On Wed, Jan 25, 2012 at 05:53:26PM +0100, Dejan Muhamedagic wrote:
> On Wed, Jan 25, 2012 at 04:35:39PM +0100, Michal Vyoral wrote:
> > Hi Dejan,
> > 
> > On Tue, Jan 24, 2012 at 11:52:20PM +0100, Dejan Muhamedagic wrote:
> > > Hi,
> > > 
> > > On Tue, Jan 24, 2012 at 06:31:54PM +0100, Michal Vyoral wrote:
> > > > Hello,
> > > > we had a cluster of two nodes both running Debian 5.0, each with two resources
> > > > IPaddr2 and apache managed by pacemaker 1.0.9.1. After an upgrading of
> > > > one node from Debian 5.0 to 6.0 we have a problem to start the
> > > > apache resource on the upgraded node. Here are the details:
> > > > 
> > > > Versions of heartbeat and pacemaker before the upgrade:
> > > > pr-iso1:~# dpkg -l pacemaker heartbeat
> > > > Desired=Unknown/Install/Remove/Purge/Hold
> > > > | Status=Not/Inst/Cfg-files/Unpacked/Failed-cfg/Half-inst/trig-aWait/Trig-pend
> > > > |/ Err?=(none)/Hold/Reinst-required/X=both-problems (Status,Err: uppercase=bad)

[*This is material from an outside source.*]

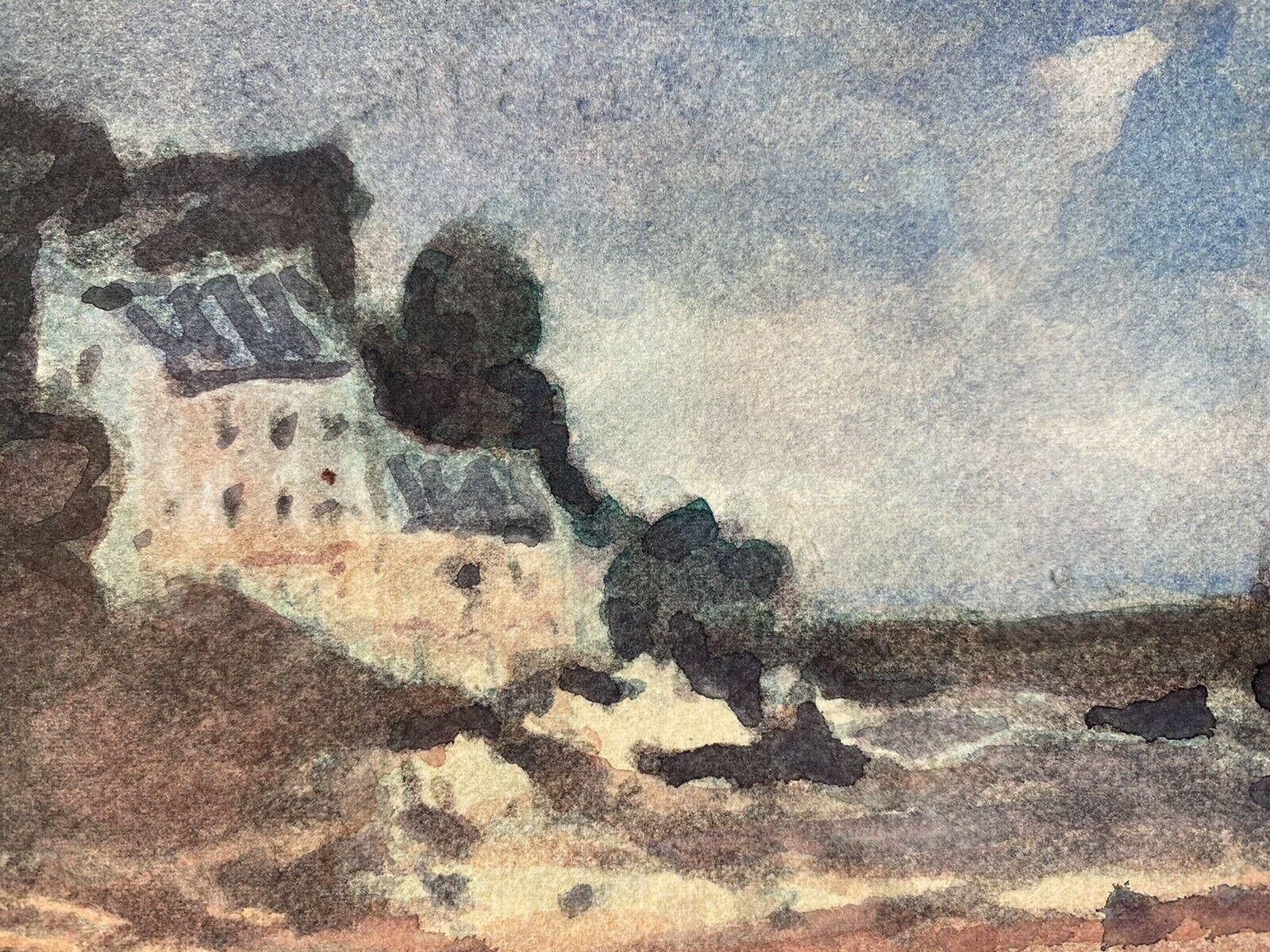 Unknownmaurice Mazeilie, French Impressionist Painting, Brittany Town On Coast20th Century photo for sale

> > > > ||/ Name           Version        Description
> > > > +++-==============-==============-============================================
> > > > ii  heartbeat      1:3.0.3-2~bpo5 Subsystem for High-Availability Linux
> > > > ii  pacemaker      1.0.9.1+hg1562 HA cluster resource manager
> > > > 
> > > > Versions of heartbeat and pacemaker after the upgrade:
> > > > pr-iso2:~# dpkg -l pacemaker heartbeat
> > > > Desired=Unknown/Install/Remove/Purge/Hold
> > > > | Status=Not/Inst/Conf-files/Unpacked/halF-conf/Half-inst/trig-aWait/Trig-pend
> > > > |/ Err?=(none)/Reinst-required (Status,Err: uppercase=bad)

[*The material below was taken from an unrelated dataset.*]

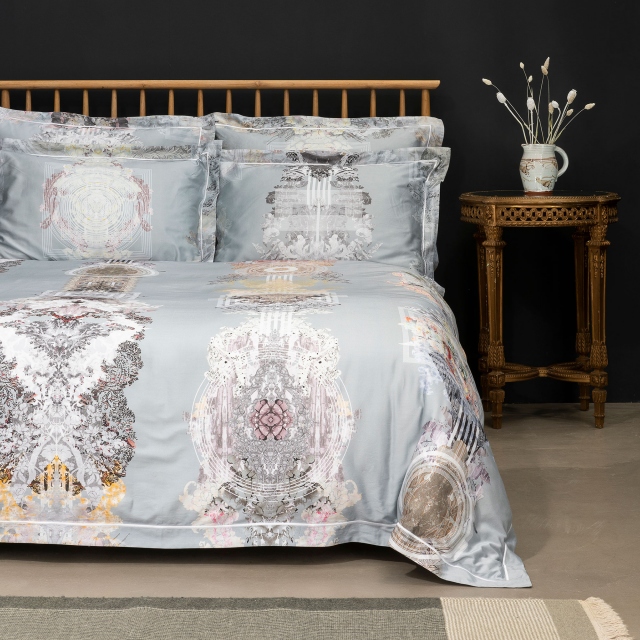 Totem Damask Blue Mist Bedding Collection - Timorous Beasties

> > > > ||/ Name           Version        Description
> > > > +++-==============-==============-============================================
> > > > ii  heartbeat      1:3.0.3-2      Subsystem for High-Availability Linux
> > > > ii  pacemaker      1.0.9.1+hg1562 HA cluster resource manager
> > > > 
> > > > Status of the resources on the upgraded node:
> > > > pr-iso2:~# crm_mon
> > > > ============
> > > > Last updated: Tue Jan 24 10:14:12 2012
> > > > Stack: Heartbeat
> > > > Current DC: pr-iso2 (511079a9-0f71-4537-bdf9-07714b454441) - partition with quorum
> > > > Version: 1.0.9-74392a28b7f31d7ddc86689598bd23114f58978b
> > > > 2 Nodes configured, unknown expected votes
> > > > 2 Resources configured.
> > > > ============
> > > > 
> > > > Online: [ pr-iso2 ]
> > > > OFFLINE: [ pr-iso1 ]
> > > > 
> > > > ClusterIP       (ocf::heartbeat:IPaddr2):       Started pr-iso2
> > > > 
> > > > Failed actions:
> > > >     RTWeb_start_0 (node=pr-iso2, call=7, rc=1, status=complete): unknown error
> > > > 
> > > > Status of the resources on the non upgraded node:
> > > > pr-iso1:~# crm_mon
> > > > ============
> > > > Last updated: Tue Jan 24 17:08:22 2012
> > > > Stack: Heartbeat
> > > > Current DC: pr-iso1 (014268aa-f234-4789-b4a1-0053cf4e61b9) - partition with quor
> > > > um
> > > > Version: 1.0.9-74392a28b7f31d7ddc86689598bd23114f58978b
> > > > 2 Nodes configured, unknown expected votes
> > > > 2 Resources configured.
> > > > ============
> > > > 
> > > > Online: [ pr-iso1 pr-iso2 ]
> > > > 
> > > > ClusterIP       (ocf::heartbeat:IPaddr2):       Started pr-iso1
> > > > RTWeb   (ocf::heartbeat:apache):        Started pr-iso1
> > > > 
> > > > Configuration of the resources:
> > > > pr-iso1:~# crm configure show
> > > > node $id="014268aa-f234-4789-b4a1-0053cf4e61b9" pr-iso1
> > > > node $id="511079a9-0f71-4537-bdf9-07714b454441" pr-iso2
> > > > primitive ClusterIP ocf:heartbeat:IPaddr2 \
> > > >         params ip="10.5.75.83" cidr_netmask="24" \
> > > >         op monitor interval="30s"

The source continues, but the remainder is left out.